Re: [HM] Hilbert's epigraph

John Pais (paisj@medicine.wustl.edu)
Sun, 28 Jun 1998 11:01:43 -0700

Bill Tait wrote:

[...]

> Graham White is right that the terms involved all have techical
> meanings for Kant; but there remain two questions about this:
>
> a) What *did* Kant mean? I believe that there are rather different
> accounts of K's meaning of the term 'pure intuition'. The problem is
> that its supposed connection with empirical intuition (which is needed
> to support the applicability of geometry to space) is in conflict with its
>
> supposed role in mathematical demonstration. One obtains different
> views of K's idea as one attempts to take into account one of the
> other of these two poles.
>
> b) Did Hilbert use these terms with a Kantian meaning (as he
> understood K) in mind?
>
> It is so that there are passages (one in particular) in ``Ueber das
> Unendliche'', describing the finitist position, that sound very
> Kantian; but it can at least be questioned whether that should be
> read back into *Found Geom*.
>
> Bill Tait

The following article might provide some indirect help on the use of
'intuition' by Hilbert and Kant. There is a brief discussion relating
Goedel's views to aspects of each of theirs. This article is quite
interesting in itself as it discusses Goedel's work on a framework
(foundation) for mathematics prominently featuring the role of mathematical
intuition, based on Husserl's phenomenology and his notion of "intuiting
essences".

G\"odel's path from the incompleteness theorems (1931) to phenomenology
(1961), by Richard Tieszen, pages 181-203. The Bulletin of Symbolic Logic,
Volume 4, Issue 2, June 1998. http://www.math.ucla.edu/~asl/0402-toc.htm

Here is the text of one related passage on p. 189:

"...In addition, the abstract elements involved could not be given by
Hilbert's concrete intuition since concrete intuition is restricted to
finite sign-configurations. There must be, by the second incompleteness
theorem and the consistency proof for PA, a less restricted kind of
mathematical intuition or insight that accounts for our mathematical
knowledge. In Husserlian language, there must be an intuition of
mathematical essences."

And another related passage on p. 199:

"...Given the incompleteness theorems, there can for most mathematical
essences be no consistent machine that solves all of the well defined
yes-or-no questions that are left undecided by the original set of axioms
for those essences. Human reason, however, may be able to achieve such a
development by virtue of its ability to reflect on essences..... Thus, it is
through an adjusted philosophical viewpoint according to which we intuit
essences that Goedel seeks to make a place for Hilbert's optimism about
mathematical problem solving as well as Hilbert's idea that in mathematical
proofs we should strive for certainty.
Goedel says that the intuitive grasp of ever newer axioms that are
logically independent of earlier ones is necessary for the solvability of
all problems even within a very limited domain. He says that this agrees in
principle with the Kantian conception of mathematics. Goedel points out,
however, that Kant was wrong to think that for the derivation of geometrical
theorems we always need new intuitions, and that a logical derivation of
these theorems from a finite number of axioms was therefore impossible. But
in the case of mathematics in a more general sense, Kant's observation is
correct. Goedel says many of Kant's assertions are false if literally
understood, but that they contain deeper truths in a more general sense. It
is Husserl's (transcendental) phenomenology that for the first time does
justice to the core of Kantian thought. It avoids both the 'death-defying
leap of idealism into a new metaphysics as well as the positivistic
rejection of every metaphysics'..... It could be argued that the
phenomenological approach is not prey to the excesses and lack of balance
that characterized earlier..... viewpoints."

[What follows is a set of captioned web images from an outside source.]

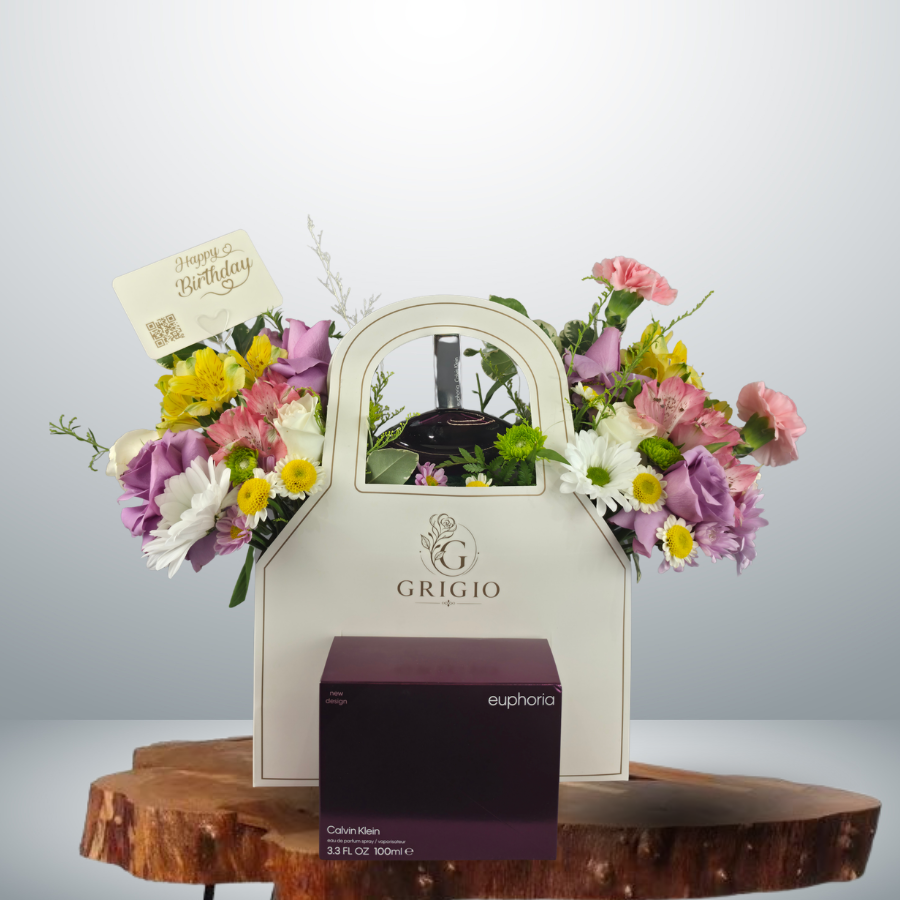 تنسيقة الشنطة والبوكس العطري - Grigio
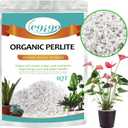 Legigo 4 Quarts Organic Horticultural Perlite for Plants Indoor- Natural Horticultural Soil Additive Conditioner Mix for Improves Drainage, Ventilation and Root Growth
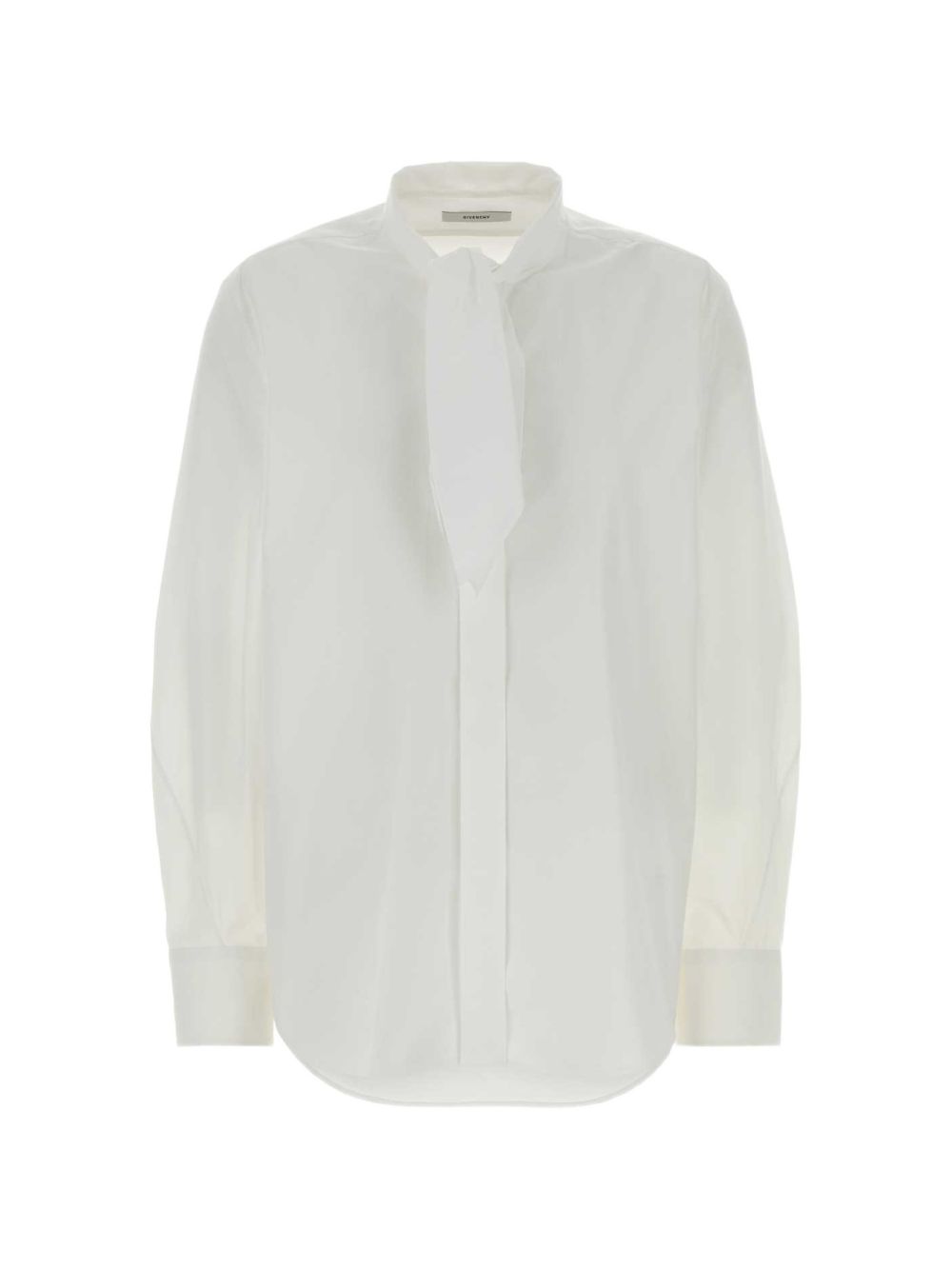 Cocoon shirt with bow BW61MG165R 100 GIVENCHY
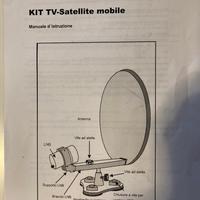 Kit TV satellite mobile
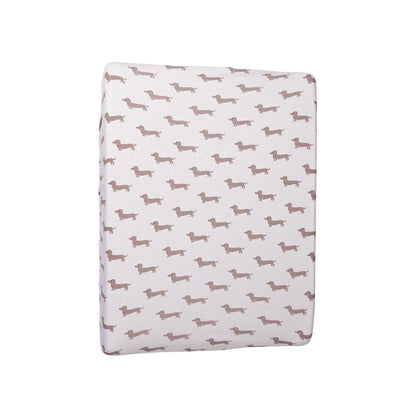 Pericles Housse Pour Matelas à Langer Teckel Allover Powder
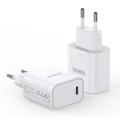 Duzzona T11 20W USB-C PD mini-vegglader - EU-stikkontakt - hvit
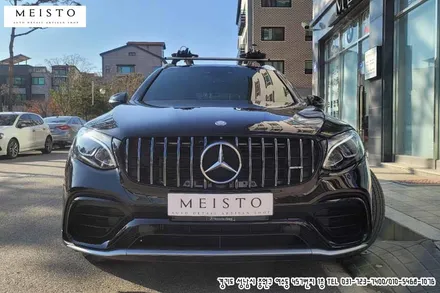 자동차랩핑 벤츠 GLC220d 창틀 크롬죽이기 블랙유광 시공 / 성남시 중원구 여수동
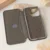 Maska na preklop Teracell Flip Premium za iPhone 15 Pro crna.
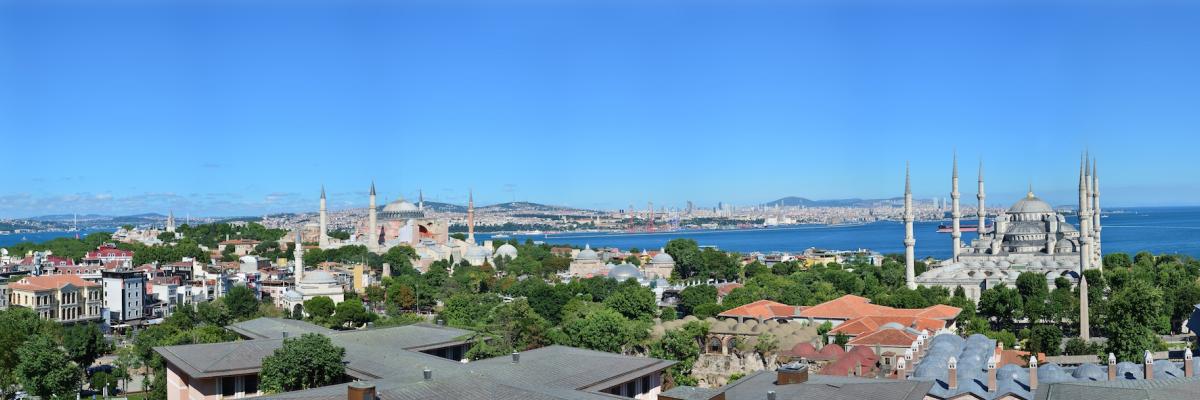 Turkey, Istanbul, Sultan Ahmed, Hagia Sophia, Blue Mosque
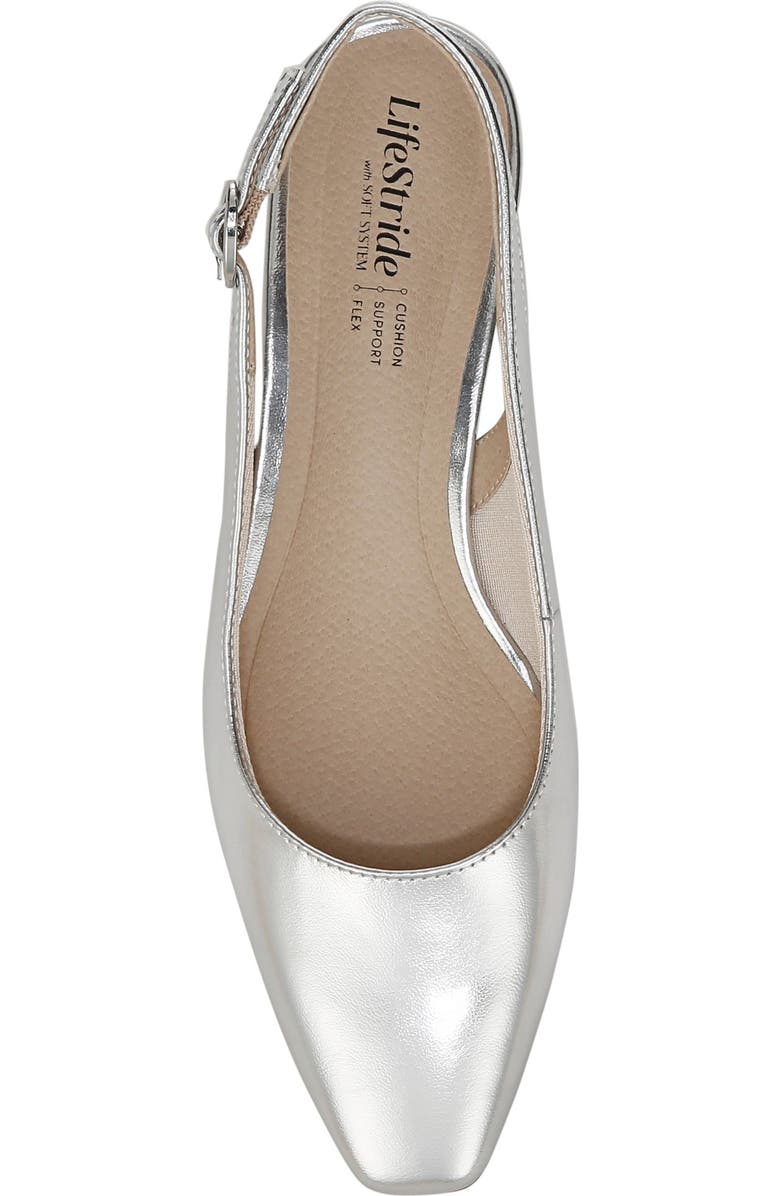 LifeStride Lorena Slingback Pump, Alternate, color, Silver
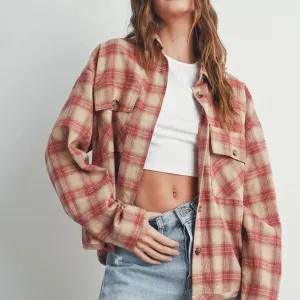 CREW PLAID JACKET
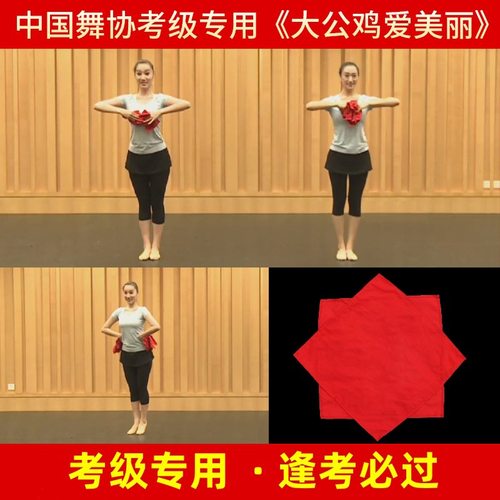 舞蹈手绢花棉绸级大公鸡爱美丽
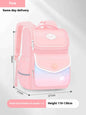 Girls' Schoolbags Primary School Students Three To Six Portable Burden Alleviation Children First Grade Waterproof Girl Large Capacity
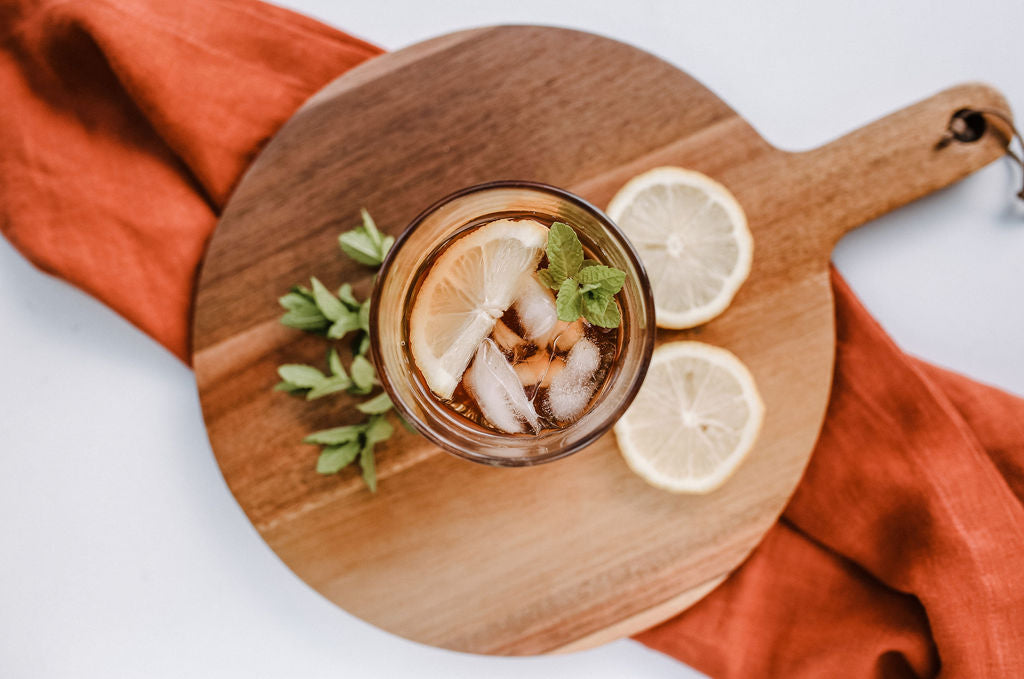 herbs, lemon and orange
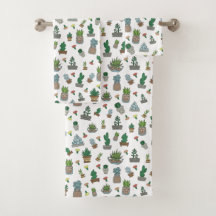 Cute Succulent Potted Plants Pattern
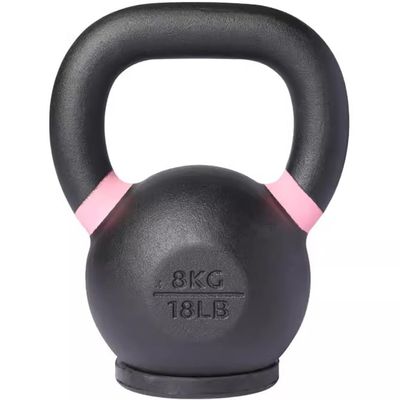Kettlebell Weights for Women Fitness Training Cast Iron Kettle Ball, Professional Sports Squat Kettle Bells, Silent Anti-Collision, Glutes/abs/arms(Pink-8kg)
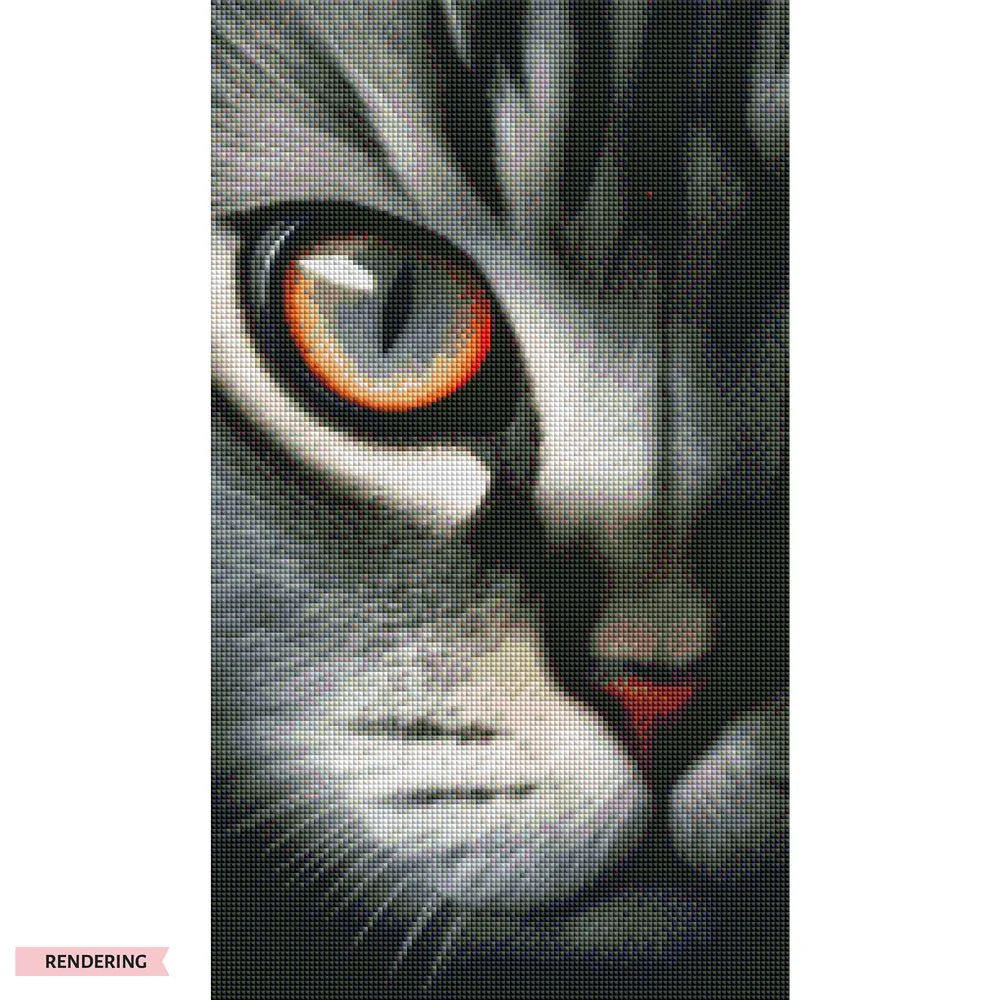 Eye of Cat | Cat, Cats & Kitten Mystic Diamond Art Decor - Image 2
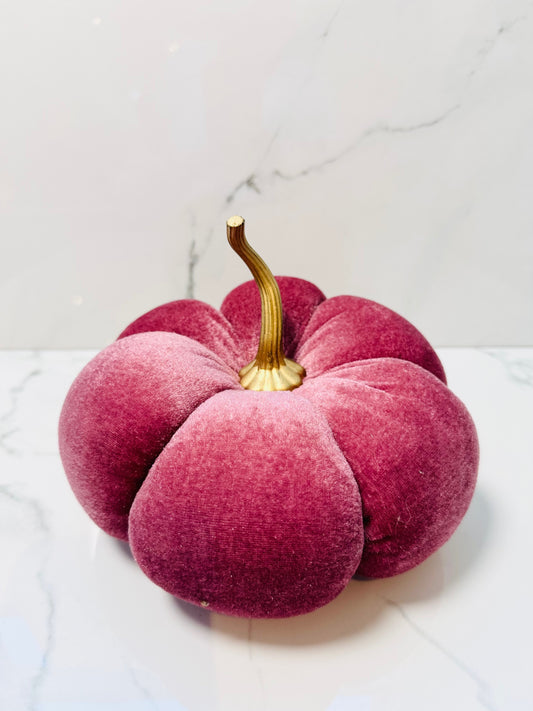 Velvet Pumpkin - Large Plum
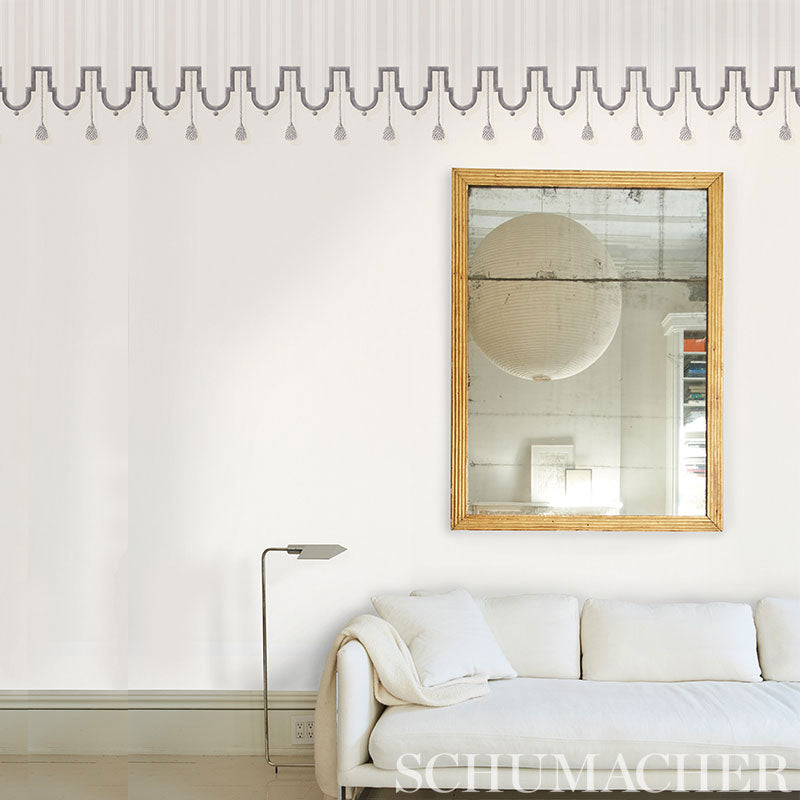 Villa Panel Dove by Schumacher Miles Redd Trompe L'Oeil Digital Wallcovering – Schumacher 5009910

Possibly Bill's question regarding the clarity or lack thereof in "K's
meaning of the term 'pure intuition'" is reflected, if not explained, in the
report of Goedel's views above?

In any case, I found that Tieszen's article gave me renewed interest in
foundational questions, since I think it provides the best framework I know
for describing and representing how mathematics is actually done.